Só que não farei isso. Buscarei o meio-termo. Buscarei compreender. Vamos lá.
Em primeiro lugar, há que se destacar que esse time da Bélgica tem suas qualidades, mas não é o último bombom com licor da caixinha comprada em Bruges. O time do Brasil é melhor, e até provou isso em campo. Perdeu pelo menos 10 gols, acertou bola na trave e teve um pênalti legítimo não marcado pelo juiz. Foram 26 chutes a gol do Brasil e oito da Bélgica.
Então, por que perdeu?
Nessas circunstâncias, lembro sempre de uma frase de um dos maiores vencedores do futebol mundial, Elias Figueroa, que ensinava, com ponto e vírgula e tudo:
"Vitórias não se merecem; se conquistam".

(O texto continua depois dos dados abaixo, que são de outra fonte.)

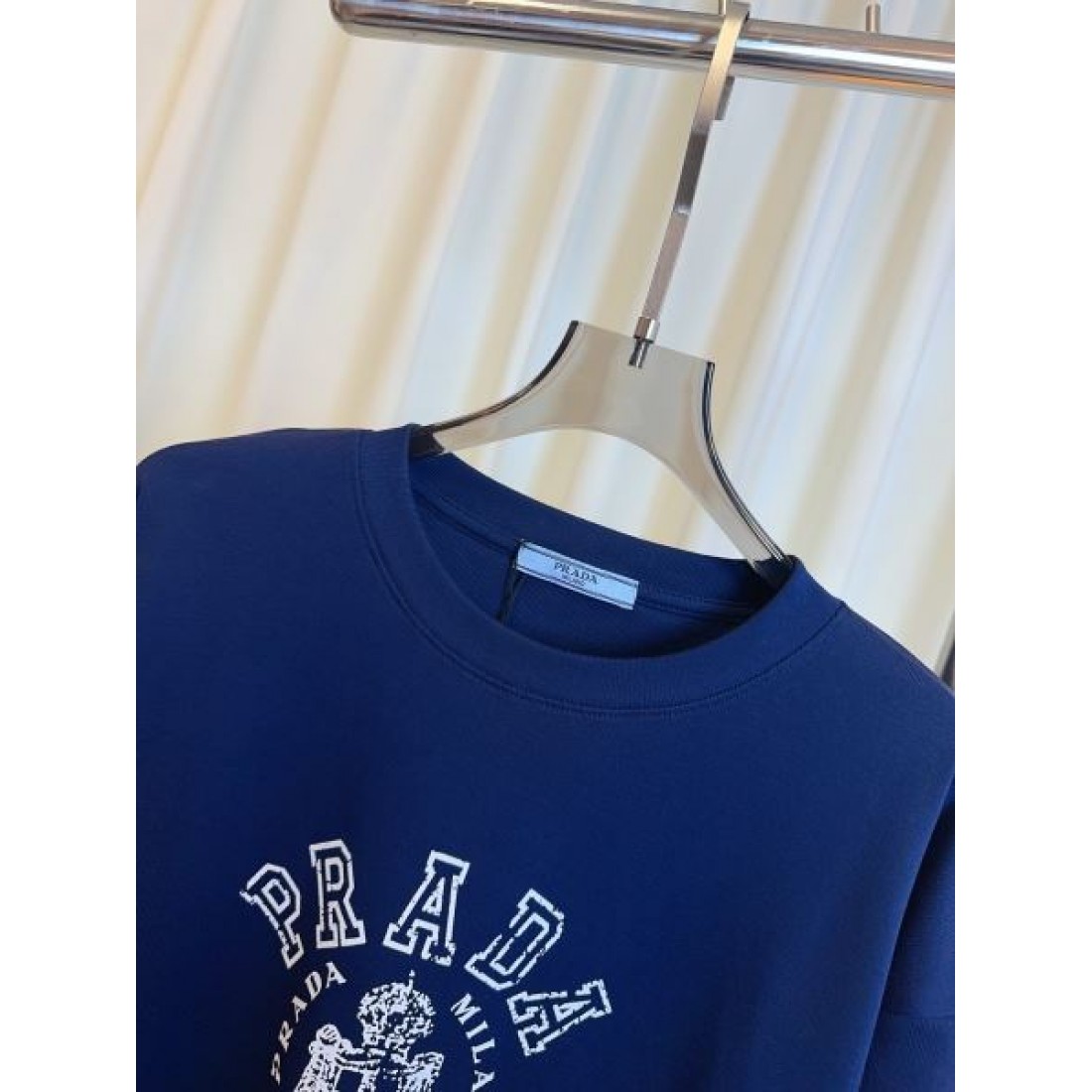 チェック切替 ミラノロゴ レイヤードデザイン プレッピースタイル PRADA プラダ コピー ロンT 高完成度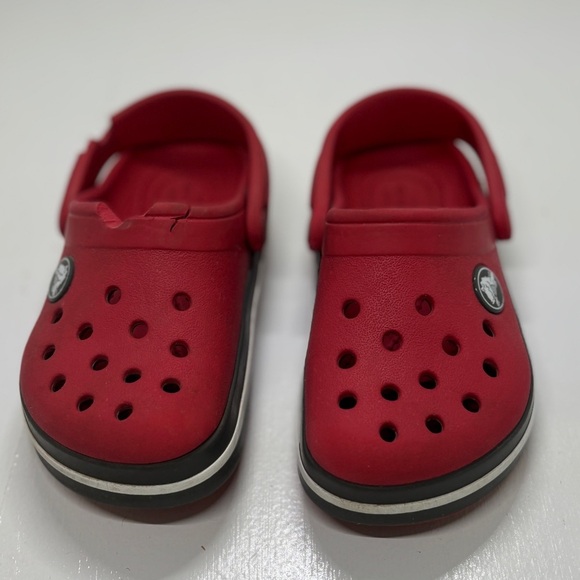Kids Crocs red with white stripe size 8 - Picture 3 of 12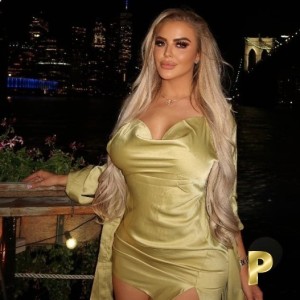 Scarlet Escort in Brentwood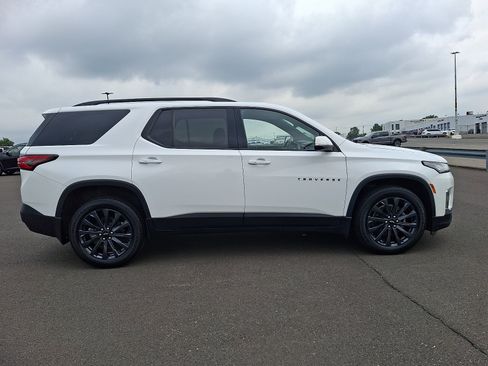 Used 2023 Chevrolet Traverse RS AWD/4WD image 7
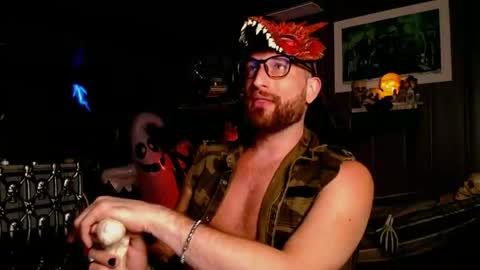 H online show from October 13, 2025, 2:22 am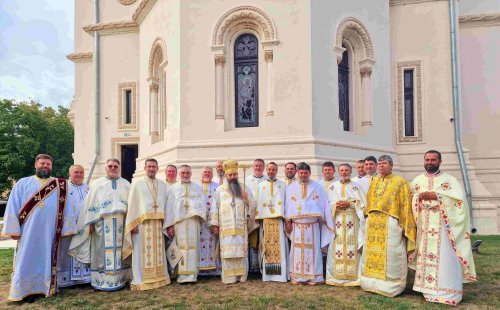 Apostolul Toma, prăznuit la catedrala din Turnu Măgurele Poza 310673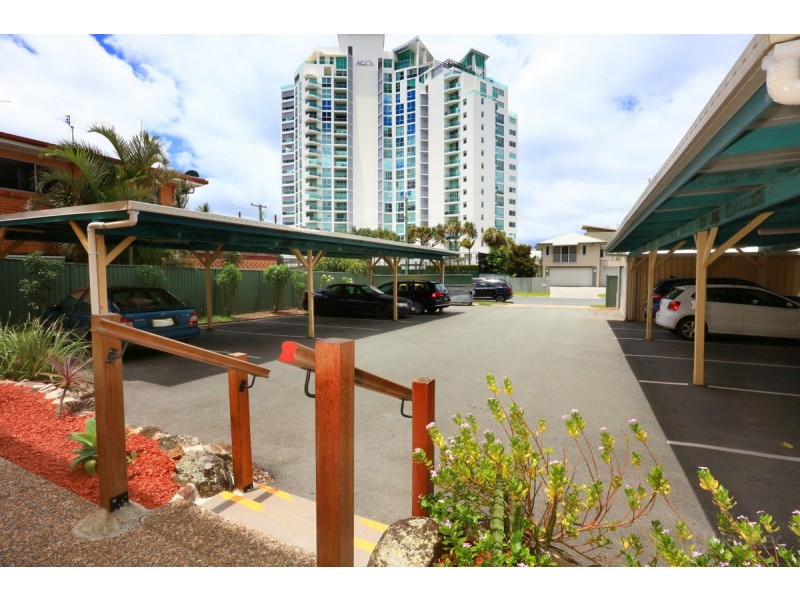 8/125 Frank Street, Labrador QLD 4215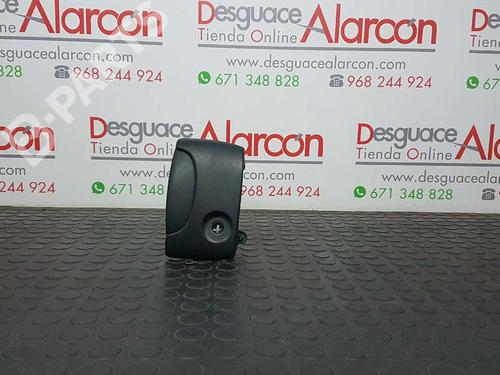 Used Rear right exterior door handle RENAULT KANGOO (KC0/1_) D 65 1.9 (KC0E, KC02, KC0J, KC0N) (64 hp) 11386584
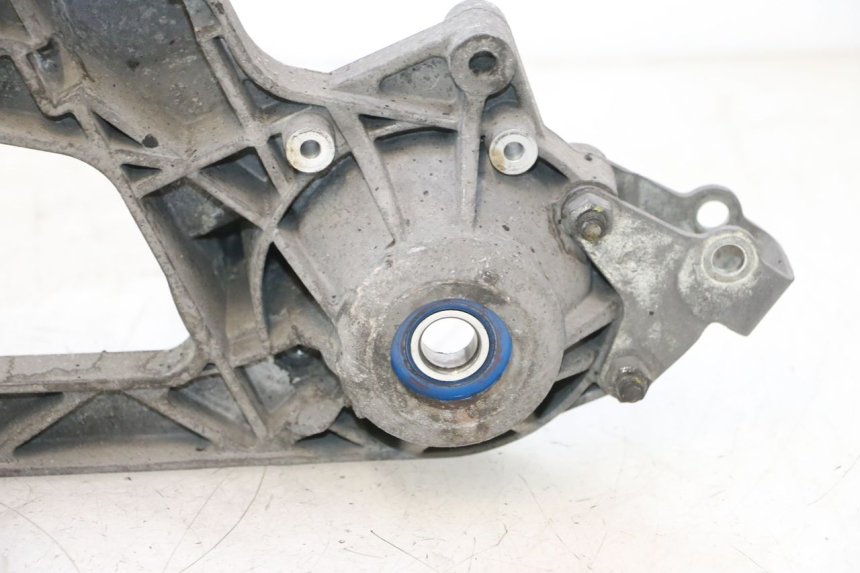 photo de AUSPUFFHALTERUNG PIAGGIO MP3 500 (2016 - 2018) - Technische Nahaufnahme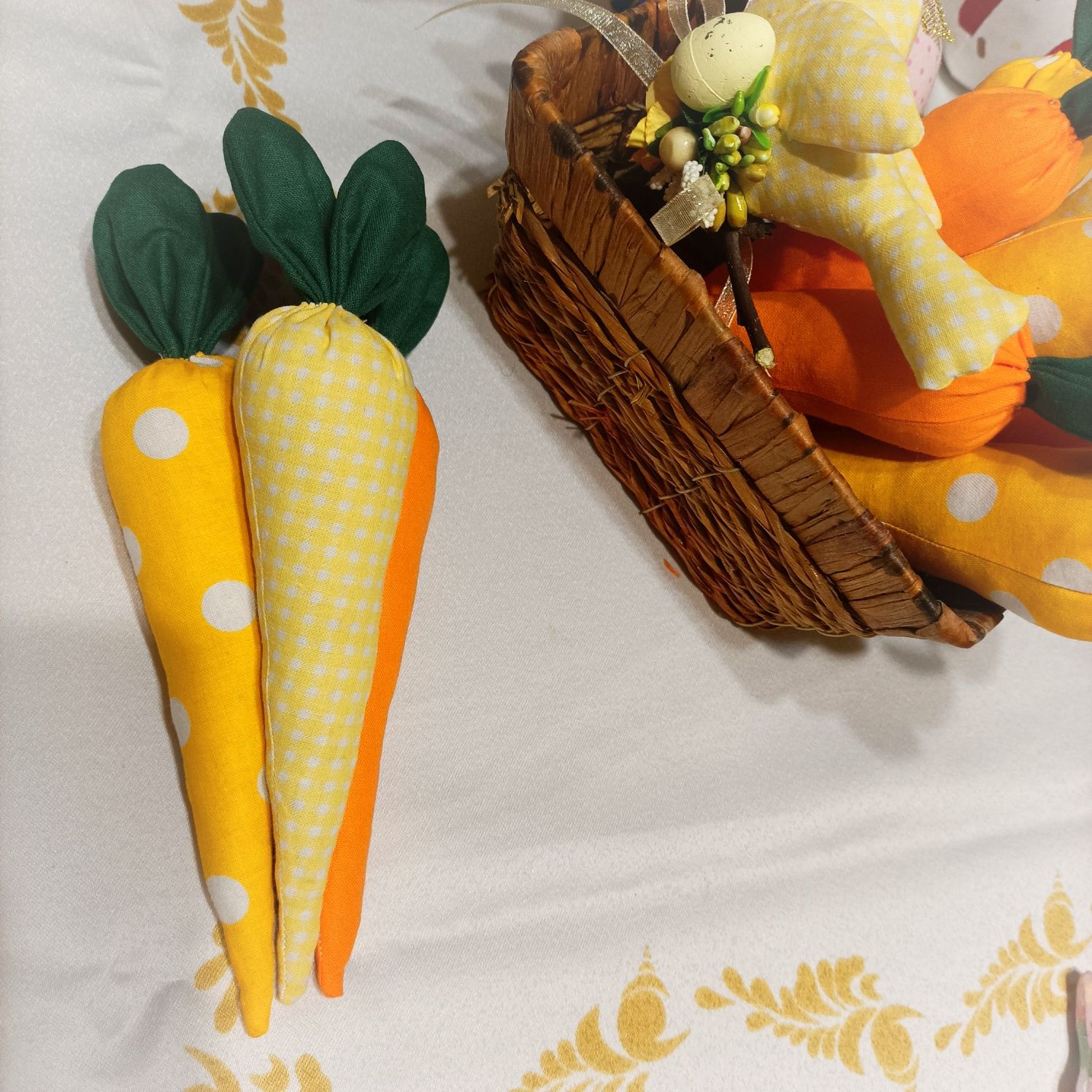 Пасхальний декор, великодній декор, текстильні іграшки, морква, курка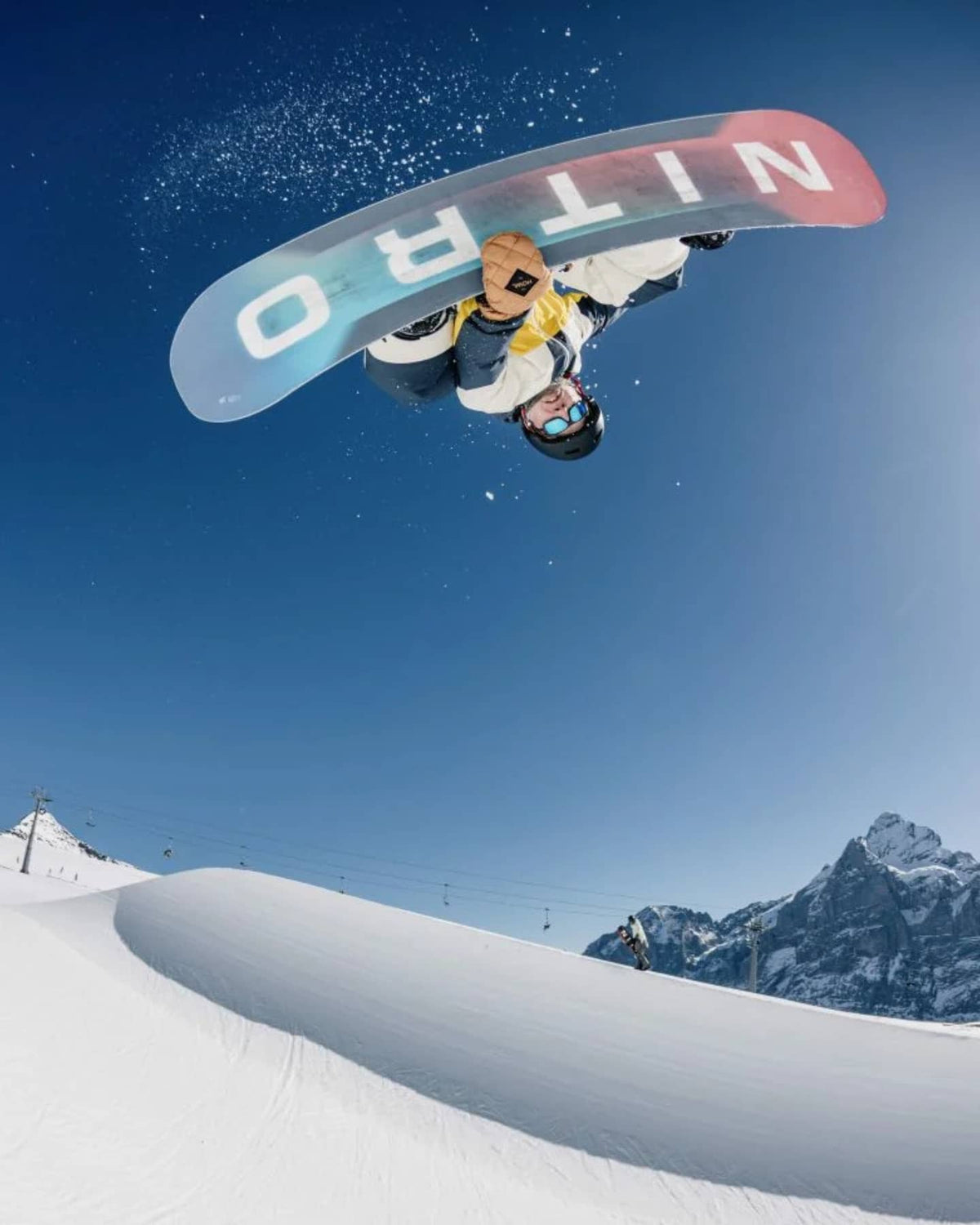 SNOWBOARD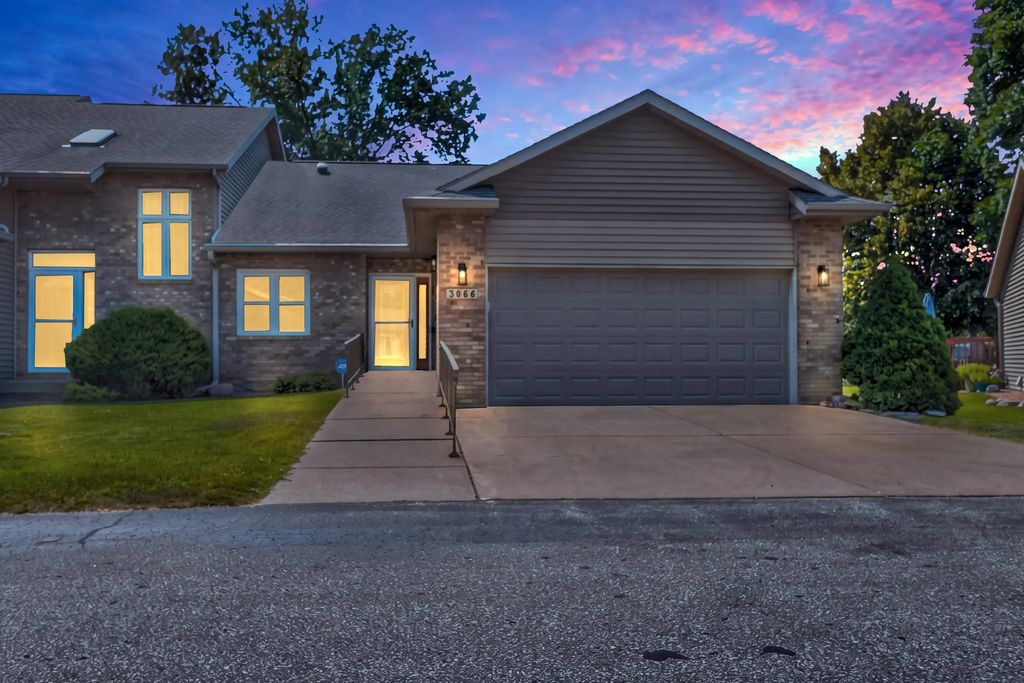 3066 Linden Dr, La Crosse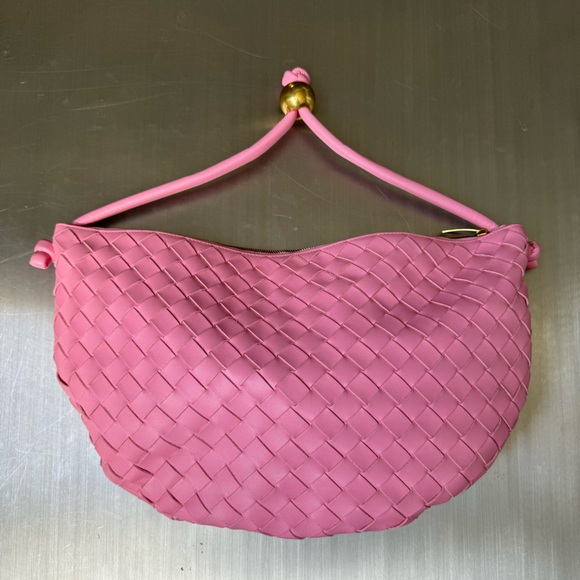 Bottega Veneta Medium Turn Pouch in Pink - Picture 3 of 8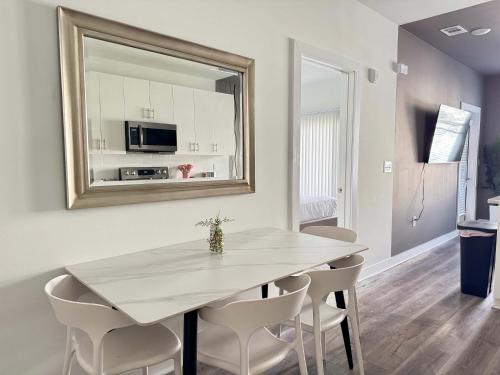 Η κουζίνα ή μικρή κουζίνα στο Luxury New 1B1B Private Balcony w Washer Dryer 525Pkwy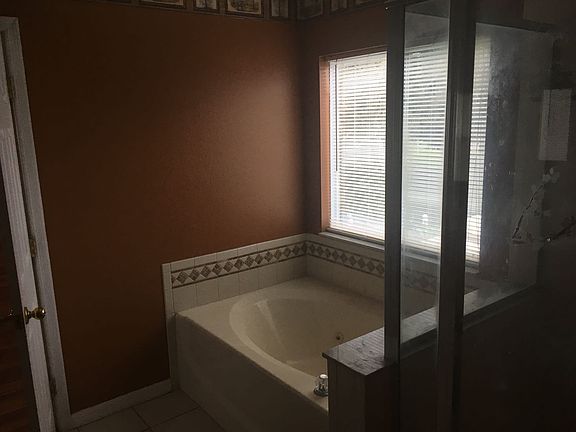 5th image of 2426 Brownwood Dr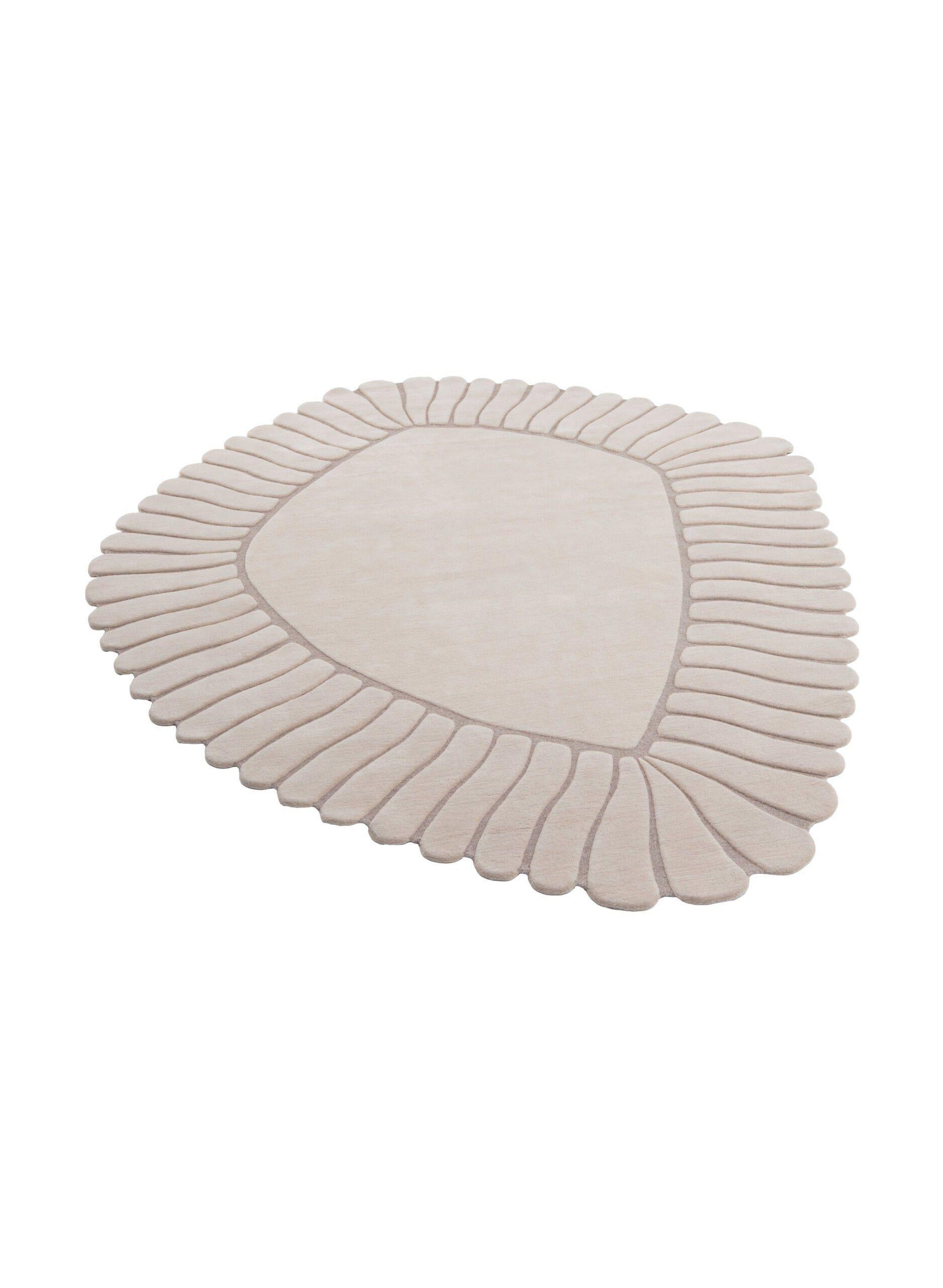 cc-tapis M'AMA NON M'AMA Grand tapis fait main en Undyed par Patricia Urquiola Neuf - En vente à Brooklyn, NY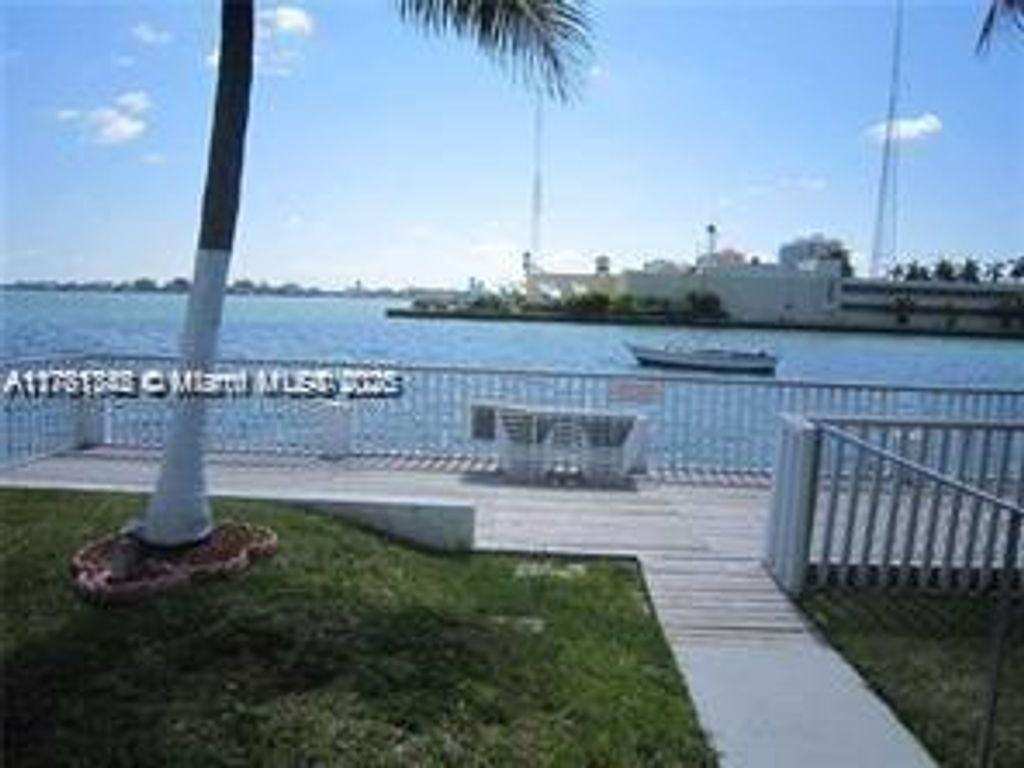 7909 East Dr 101, North Bay Village, FL 33141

O Brasil mereceu vencer, mas quem conquistou a vitória foi a Bélgica. Porque alguns jogadores do Brasil, mais uma vez, assustaram-se com o tamanho do empreendimento. Não lhes falta talento. Falta-lhes personalidade. Entre esses, o maior de todos: Neymar. Assim como o besuntei de elogios quando ele foi responsável por pelo menos duas vitórias nesta Copa, tenho de dizer que Neymar, nesta sexta-feira (6), em Kazan, fracassou rotundamente. Com o fracasso, tudo aquilo que era perdoável tornou-se condenável. Sua vaidade extrema, sua infantilidade e sua arrogância não teriam importância se, na hora de decidir, ele decidisse. Não foi o que aconteceu. Neymar está muito abaixo do que poderia ser. E do que acha que é.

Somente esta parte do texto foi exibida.